=== Section Start ===

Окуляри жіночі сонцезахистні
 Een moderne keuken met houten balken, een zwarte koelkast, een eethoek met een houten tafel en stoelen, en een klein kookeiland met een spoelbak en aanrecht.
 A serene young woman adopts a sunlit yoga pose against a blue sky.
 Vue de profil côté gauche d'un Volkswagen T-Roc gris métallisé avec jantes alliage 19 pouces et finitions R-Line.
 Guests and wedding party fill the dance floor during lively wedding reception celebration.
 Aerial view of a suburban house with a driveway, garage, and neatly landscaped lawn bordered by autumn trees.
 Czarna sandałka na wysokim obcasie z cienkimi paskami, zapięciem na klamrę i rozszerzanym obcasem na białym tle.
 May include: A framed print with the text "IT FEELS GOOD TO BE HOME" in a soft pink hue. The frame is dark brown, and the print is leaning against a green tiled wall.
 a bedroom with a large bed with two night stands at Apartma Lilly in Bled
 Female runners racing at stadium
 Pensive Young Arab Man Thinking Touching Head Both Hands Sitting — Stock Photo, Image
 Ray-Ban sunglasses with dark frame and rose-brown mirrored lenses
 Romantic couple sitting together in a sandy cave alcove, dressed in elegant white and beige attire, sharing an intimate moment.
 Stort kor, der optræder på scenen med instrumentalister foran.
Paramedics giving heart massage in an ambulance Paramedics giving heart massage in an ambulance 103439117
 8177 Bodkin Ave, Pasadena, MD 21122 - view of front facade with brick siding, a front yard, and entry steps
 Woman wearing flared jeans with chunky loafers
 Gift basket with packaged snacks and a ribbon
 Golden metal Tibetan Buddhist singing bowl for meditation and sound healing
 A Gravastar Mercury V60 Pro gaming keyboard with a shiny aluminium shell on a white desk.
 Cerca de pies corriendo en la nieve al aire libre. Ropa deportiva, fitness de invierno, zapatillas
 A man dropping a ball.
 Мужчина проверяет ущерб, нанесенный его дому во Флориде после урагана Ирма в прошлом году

=== Section End ===

» TRY IT: Exact retyping is required: the line with "Woman wearing flared" through the end of the data, both ends included, and no other line.

» YOUR SOLUTION:
 Woman wearing flared jeans with chunky loafers
 Gift basket with packaged snacks and a ribbon
 Golden metal Tibetan Buddhist singing bowl for meditation and sound healing
 A Gravastar Mercury V60 Pro gaming keyboard with a shiny aluminium shell on a white desk.
 Cerca de pies corriendo en la nieve al aire libre. Ropa deportiva, fitness de invierno, zapatillas
 A man dropping a ball.
 Мужчина проверяет ущерб, нанесенный его дому во Флориде после урагана Ирма в прошлом году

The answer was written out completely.